Global Market
How can business leaders ensure that their organisations are primed for innovation and agility in the age of growing complexity and constant change? The evidence is clear that increasing diversity is not only a moral commitment, but it is also a powerful business imperative. According to a report by BCG, those who do not address their diversity failings will not survive the technological shocks of the upcoming decade.
The benefits of diversity are outstanding: diverse teams have a higher capacity for innovation, are more willing to take risks and bounce back from failures quicker, find unconventional solutions, and turn challenges into opportunities. Research shows that the most diverse companies can outperform more homogenous peers on profitability – the cash flow per employee is 2.5 times higher in heterogenous teams and inclusive teams are, on average, 35% more productive.

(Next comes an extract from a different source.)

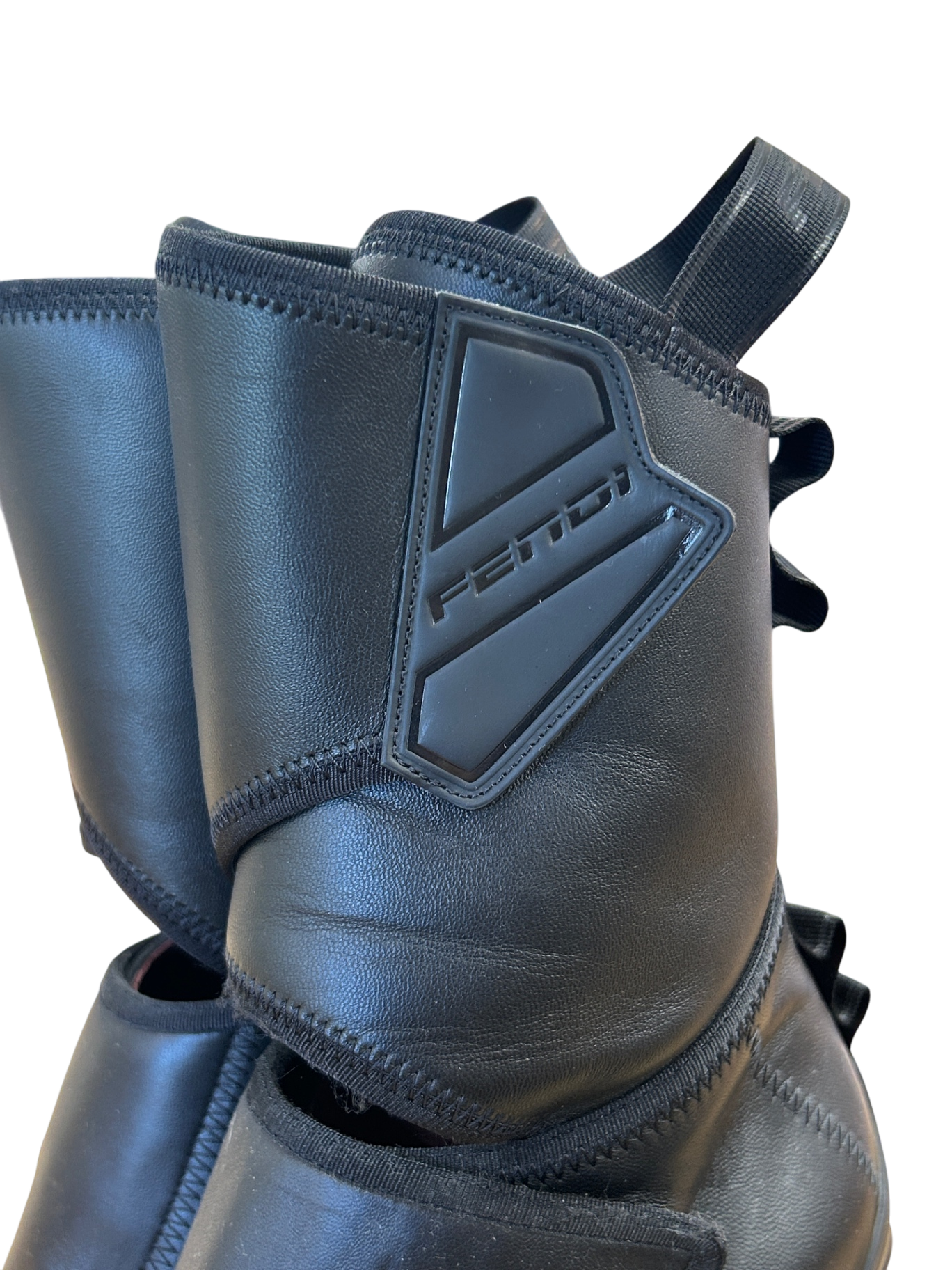 Fendi Stieflette 39 Schwarz Neu ohne Etikett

But more diverse teams also underperform more homogenous teams. The difference is in whether that diversity can work together. Strong organisational culture and robust structural foundation are critical for reaping the benefits of cultural diversity without paying costs. Yet, meaningful diversity and inclusion initiatives are particularly challenging to implement and measure.

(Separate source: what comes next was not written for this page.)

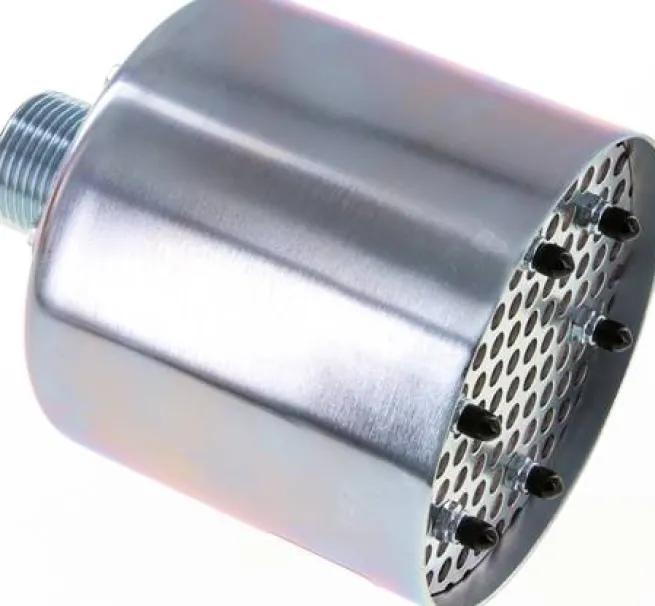 Hochleistungs-Schalldämpfer G 1" (PN 6 bar)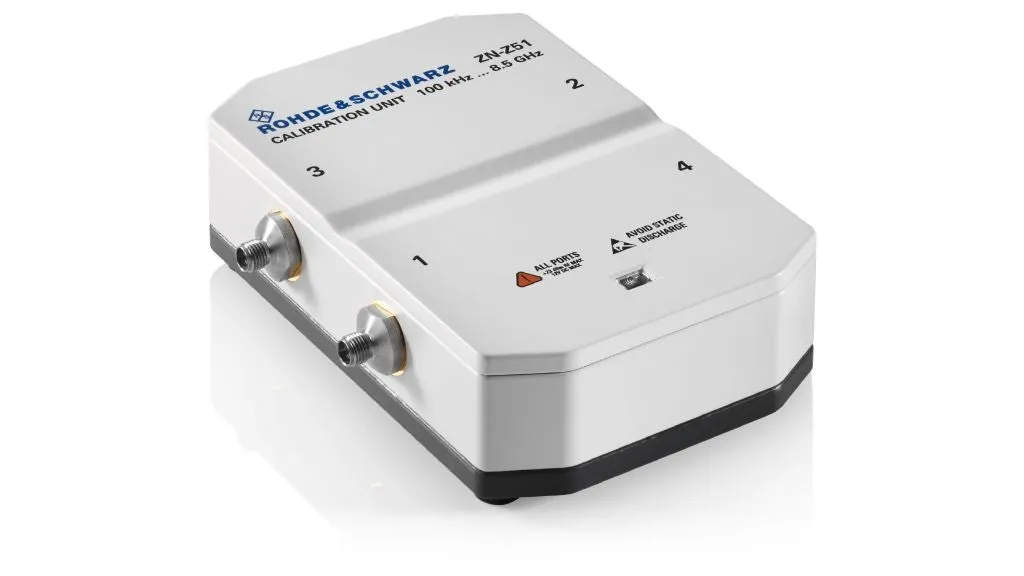 Rohde & Schwarz ZN-Z55 Automatisk kalibreringsenhét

Dr Muthukrishna has applied these same insights to closing the cultural gap and increasing retention in mergers and acquisitions and guiding companies in global scale up.
Culturalytik: Cultural Measurement Analysis
Dr Michael Muthukrishna, Associate Professor of Economic Psychology at the Department of Psychological and Behavioural Science, uses research in cultural evolution for public policy, applying the findings to solve real-world problems. He has developed tools embodied in Culturalytik, for cultural measurement, analysis, and behavioural intervention design. The approach uses cutting-edge techniques to highlight accurate, actionable aspects of culture.
“The goal is to identify and preserve aspects of culture to maximise retention, increase innovation, continue customer satisfaction and other key performance indicators, and aid global expansion.”
– Dr Michael Muthukrishna
Culturalytik’s unique approach includes data collection methods that ensure genuine answers to sensitive questions and proprietary analyses that “slice” organisations by strategically targeting groupings such as locations, teams, work functions, and tenure, decomposed into different cultural dimensions.
A Roadmap to Becoming an LSE Spinout
With LSE Innovation’s support, Culturalytik has had successful pre-contract engagements with the world’s largest companies active in global mergers and acquisitions in order to secure commercial partnerships and relevant income streams.
LSE Innovation supported Culturalytik in three key areas – market assessment, market engagement, and market validation – and will continue to assist Culturalytik in the development of the commercialisation plan to enable Culturalytik to become a financially self-sustainable spinout.